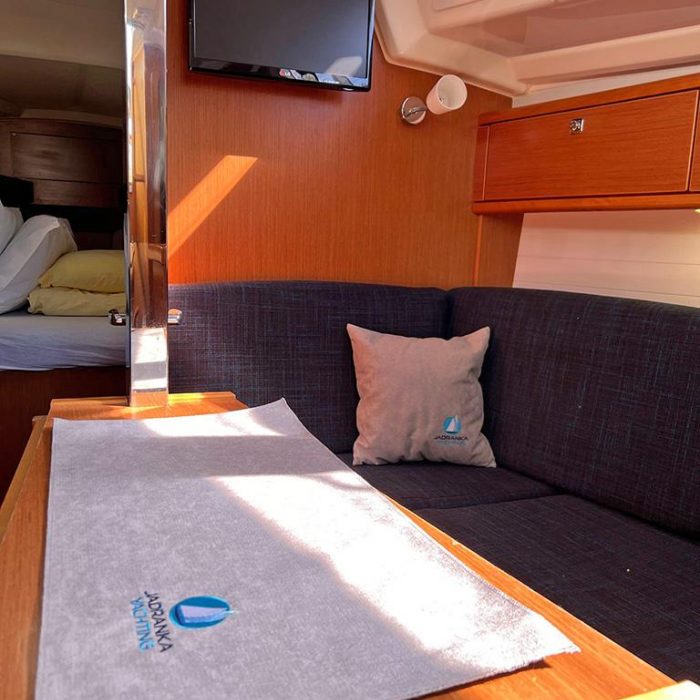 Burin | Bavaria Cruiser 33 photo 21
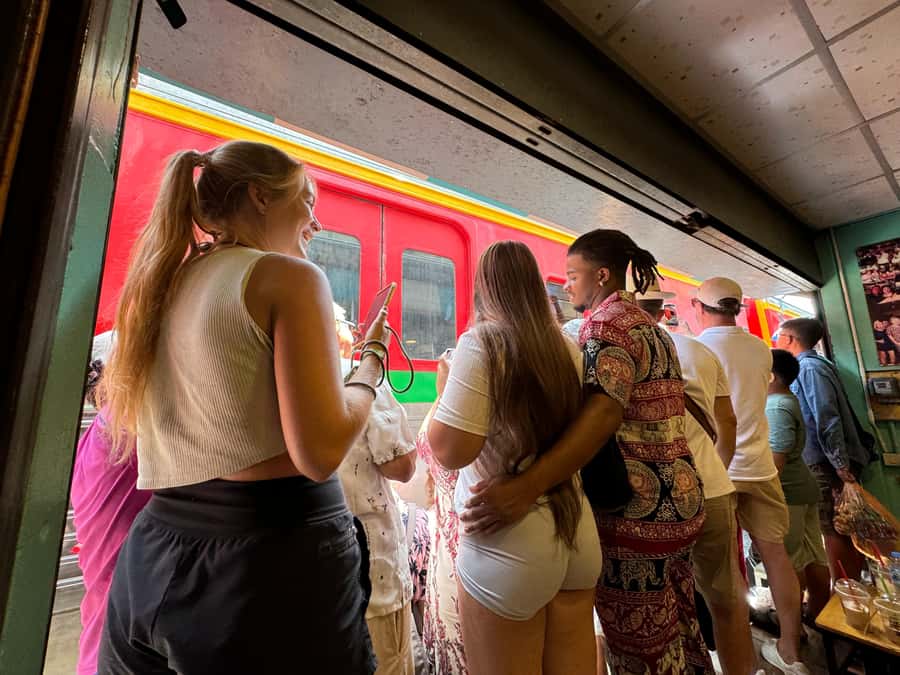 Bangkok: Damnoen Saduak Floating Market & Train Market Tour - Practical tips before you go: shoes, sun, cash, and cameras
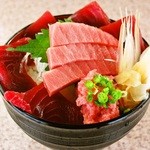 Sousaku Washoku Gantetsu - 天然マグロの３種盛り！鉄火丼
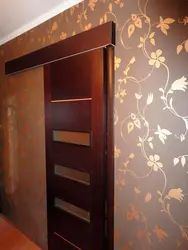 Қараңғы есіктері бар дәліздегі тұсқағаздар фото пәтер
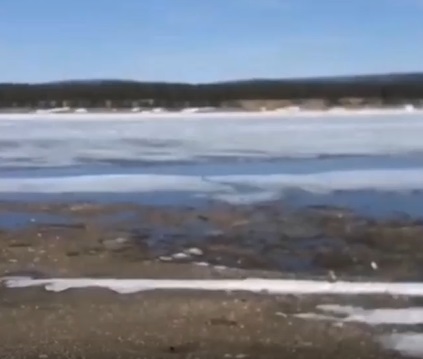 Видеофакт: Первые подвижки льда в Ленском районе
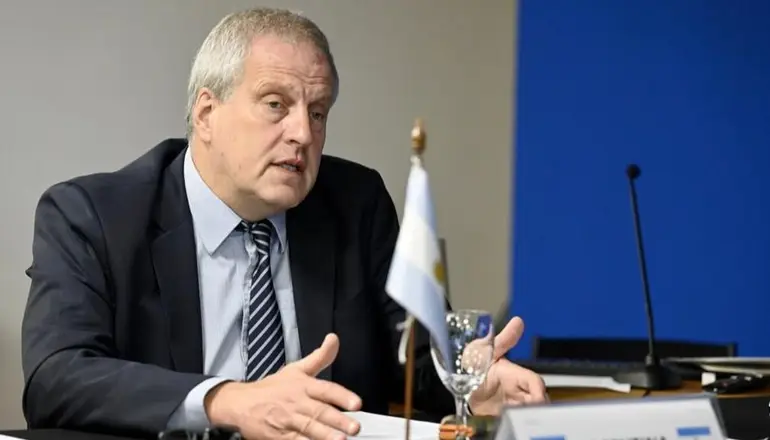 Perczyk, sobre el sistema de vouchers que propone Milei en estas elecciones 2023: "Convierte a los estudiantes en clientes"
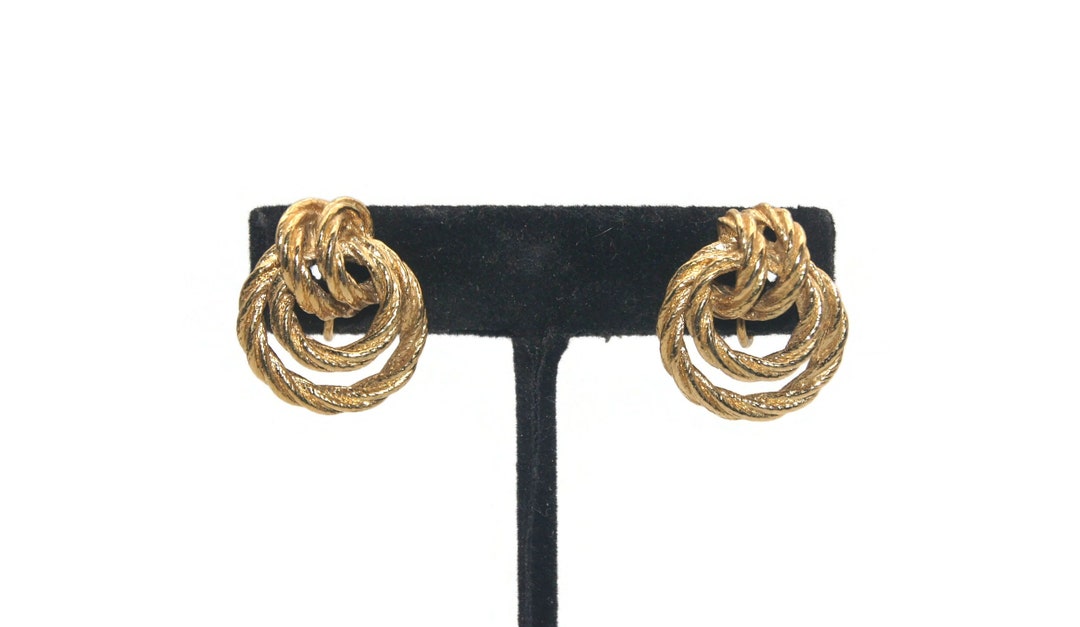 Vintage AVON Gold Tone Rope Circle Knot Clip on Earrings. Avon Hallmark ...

» **Exercise aim**
Output all of the data word for word, excluding any pictures.

» **Written answer**
 Burin | Bavaria Cruiser 33 photo 21
 Bangkok: Damnoen Saduak Floating Market & Train Market Tour - Practical tips before you go: shoes, sun, cash, and cameras
 Sousaku Washoku Gantetsu - 天然マグロの３種盛り！鉄火丼
 Қараңғы есіктері бар дәліздегі тұсқағаздар фото пәтер
 Видеофакт: Первые подвижки льда в Ленском районе
 Perczyk, sobre el sistema de vouchers que propone Milei en estas elecciones 2023: "Convierte a los estudiantes en clientes"
 Vintage AVON Gold Tone Rope Circle Knot Clip on Earrings. Avon Hallmark ...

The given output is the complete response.